Problem details: For this exercise, repeat every line of the material exactly.

Supplied material:
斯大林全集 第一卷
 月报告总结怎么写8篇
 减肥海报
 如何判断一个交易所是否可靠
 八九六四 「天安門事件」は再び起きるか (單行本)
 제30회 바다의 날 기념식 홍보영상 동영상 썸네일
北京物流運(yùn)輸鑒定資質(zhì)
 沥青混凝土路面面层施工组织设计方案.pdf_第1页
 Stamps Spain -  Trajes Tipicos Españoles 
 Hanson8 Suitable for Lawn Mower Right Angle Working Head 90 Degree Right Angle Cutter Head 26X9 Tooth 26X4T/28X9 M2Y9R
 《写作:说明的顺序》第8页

Task output:
斯大林全集 第一卷
 月报告总结怎么写8篇
 减肥海报
 如何判断一个交易所是否可靠
 八九六四 「天安門事件」は再び起きるか (單行本)
 제30회 바다의 날 기념식 홍보영상 동영상 썸네일
北京物流運(yùn)輸鑒定資質(zhì)
 沥青混凝土路面面层施工组织设计方案.pdf_第1页
 Stamps Spain -  Trajes Tipicos Españoles 
 Hanson8 Suitable for Lawn Mower Right Angle Working Head 90 Degree Right Angle Cutter Head 26X9 Tooth 26X4T/28X9 M2Y9R
 《写作:说明的顺序》第8页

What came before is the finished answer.